The Secretary-General stressed that agriculture needs invigorating.  “We need to work together to develop a new generation of technologies and farming methods, which make possible a second green revolution, one which permits sustainable yield improvements with minimal environmental damage and contributes to sustainable development goals.”

“Let me be clear,” said United Nations Under-Secretary-General for Economic and Social Affairs Sha Zukang.  “We do need to address the runaway food prices as an emergency.  We need to take quick, targeted action to deliver emergency food aid to the people in need.”  But he added that crisis management alone was not enough.  “We need to make sure it does not happen again.”

Many countries expressed concern during the Commission that a number of factors had contributed to the present situation, including climate change, unfair trade policies, poor land management and a lack of roads and access to markets in rural agricultural areas.

Countries voiced concerns about the use of biofuels, but many delegations said biofuels can help overcome fossil fuel dependency, mitigate greenhouse gases and provide employment opportunities if it was done properly.  Some countries indicated that they are undertaking further study to explore ways to ensure that its use contributes to sustainable development.

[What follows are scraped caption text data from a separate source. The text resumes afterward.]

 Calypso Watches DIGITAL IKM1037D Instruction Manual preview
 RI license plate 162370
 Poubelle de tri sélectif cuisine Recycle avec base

Many countries emphasized that extreme and widespread rural poverty continues to be a main barrier to combating desertification, and expressed concern that implementation of the United Nations Convention to Combat Desertification, the only legally binding, universal agreement on land issues that systematically addresses land degradation and desertification, was seriously underfunded, but that its new 10-year strategic plan opened a way for renewed commitment confronting land degradation issues.

Almost 60 ministers attended the Commission, along with 680 representatives from 126 non-governmental organizations.  Representatives from civil society, including women, farmers, science, business, children and youth, local authorities, workers and trade unions, indigenous peoples and non-governmental organizations, participated far more extensively than in the past.

For more information or interviews, please contact Dan Shepard or Martina Donlon, Department of Public Information, tel.: +1 212 963 9495/+1 212 963 6816, fax: +1 212 963 1186, e-mail: mediainfo@un.org.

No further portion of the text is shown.